Am Beispiel der Nadelbäume erläutert Klein, wie das Gesundreden durch Definitionen funktioniert. Eine kräftige Fichte kann, je nach Standort, bis zu 14 Nadeljahrgänge aufweisen. Amtlich festgelegt wurde jedoch, daß ein Baum mit fünf Nadeljahrgängen als gesund gilt. Wenn von diesen Nadeln weniger als 10 Prozent fehlen, wird der Baum immer noch in die Schadstufe null, also als gesund eingeordnet. „Ein kräftiger Gebirgsbaum, einstmals mit 13 Nadeljahrgängen, müßte also schon zwei Drittel seiner Nadeln verloren haben, bevor er überhaupt als leicht geschädigt eingestuft wird“, wettert Klein.

Auf die Einordnung der Bäume in bestimmte Schadenskategorien folgt die Interpretation. Andreas Krug, Forstfachmann des BUND, meint: „Da kann man nur vermuten, daß die Landesregierungen Druck machen.“ Das bayerische Kabinett soll, so sickerte durch, vor zwei Jahren den Schadensbericht des Freistaats mehrfach an die Landesforstverwaltung zurückverwiesen haben, mit der Anweisung, die Schädigungen sollten neu bewertet werden.

Daß der Wald stirbt, kann trotz aller Manipulationen dennoch niemand mehr leugnen. Innerhalb von 10 Jahren sei beispielsweise der Anteil der völlig gesunden Buchen von 40 auf nur mehr ein Prozent gefallen, sagt Johannes Eichhorn von der hessischen Forstlichen Versuchsanstalt. In Hessen galten 1984 lediglich neun Prozent der Bäume als deutlich geschädigt – in diesem Jahr sind es 38 Prozent.

Wenn schon das Waldsterben nicht mehr zu leugnen ist, dann verschiebt sich die Auseinandersetzung nun auf ein ideologisches Gebiet. Nicht Schadstoffe aus Kraftwerkschloten, Auspuffrohren und aus Kuhdärmen seien schuld, behaupten manche Politiker und Wissenschaftler zunehmend ungeniert. Trockenheit, Insektenbefall, allenfalls auch die verkehrte Art der Waldbewirtschaftung machten dem Wald den Garaus.

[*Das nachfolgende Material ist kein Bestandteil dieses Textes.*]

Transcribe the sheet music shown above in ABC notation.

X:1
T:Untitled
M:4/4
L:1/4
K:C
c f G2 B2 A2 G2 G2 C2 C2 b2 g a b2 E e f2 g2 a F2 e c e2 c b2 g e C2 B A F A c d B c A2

Alles fest im Griff: Das Wetter ist schuld

Wenn die Baumkronen lichter würden, lasse sich daraus noch lange kein Rückschluß auf die Einwirkung von Luftschadstoffen ziehen, ließ kürzlich etwa das Freiburger Institut für Waldwachstum verlauten. In ähnlicher Manier betonte das bayerische Landwirtschafts- und Forstministerium anläßlich des letztjährigen Schadensberichts, die jährlichen Schwankungen bei der Schadensstatistik seien im wesentlichen auf Witterungseinflüsse zurückzuführen. Daraus sei zu entnehmen, daß die bisherige Waldzustandserhebung im Grunde kaum Rückschlüsse auf den Einfluß der durch Menschen verursachten Luftverschmutzung zulasse. Und für das Wetter können wir ja schließlich nichts.

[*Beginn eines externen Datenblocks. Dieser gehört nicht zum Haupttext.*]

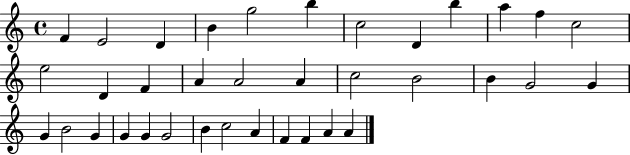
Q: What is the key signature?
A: C major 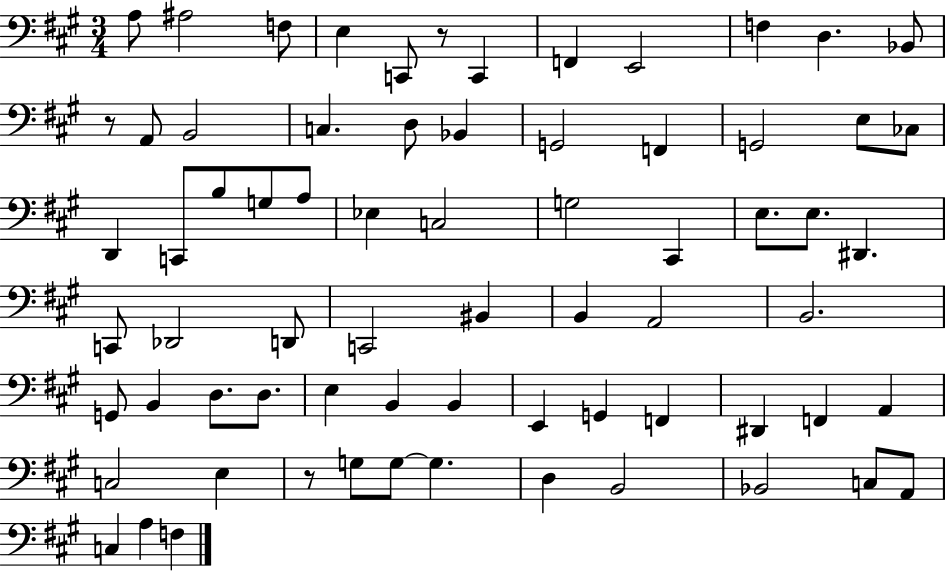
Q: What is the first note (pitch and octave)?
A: A3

Forstminister Borchert fand gestern mahnende Worte: „Luftreinhaltung: Hier kann jeder einzelne Bürger etwas tun, sei es ei seiner Heizung, beim Auto oder bei sonstigen Konsumgewohnheiten.“ Ansonsten signalisiert er: Alles im Griff.

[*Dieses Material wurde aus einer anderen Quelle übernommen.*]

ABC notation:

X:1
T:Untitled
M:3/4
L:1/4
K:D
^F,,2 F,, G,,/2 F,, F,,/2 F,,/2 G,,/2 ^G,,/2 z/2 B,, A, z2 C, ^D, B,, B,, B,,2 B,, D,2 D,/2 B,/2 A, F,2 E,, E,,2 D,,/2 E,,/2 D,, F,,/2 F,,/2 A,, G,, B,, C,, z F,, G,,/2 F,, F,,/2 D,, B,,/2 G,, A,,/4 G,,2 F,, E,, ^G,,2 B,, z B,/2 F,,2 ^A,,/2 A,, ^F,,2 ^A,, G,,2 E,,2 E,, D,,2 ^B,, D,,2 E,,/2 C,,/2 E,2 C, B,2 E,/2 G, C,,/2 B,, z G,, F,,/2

„Die bisher durchgeführten Maßnahmen zur Luftreinhaltung zeigen Erfolge“, steht im Waldzustandsbericht – nur die Bäume scheinen schwer von Begriff zu sein. Solange bekämpft man die Schäden weiter mit Kalk. Die Massentierhaltung stellt der Landwirtschaftsminister Borchert hingegen nicht in Frage, den Verkehr erst recht nicht.

In Sachsen erkannte man ganz spezielle Feinde des Waldes. Hier gelangte man zu dem Schluß, daß insbesondere die ganze Rauchgasfilterung den Wald krank macht. Der Leiter der sächsischen Landesanstalt für Forsten, Hubert Braun, erklärte, die Flugasche aus Kraftwerken enthalte durch verbesserte Filter deutlich weniger Kalzium als früher. Und jetzt fehle das Kalzium in den Wäldern, wo es bisher zur Neutralisierung des Sauren Regens diente.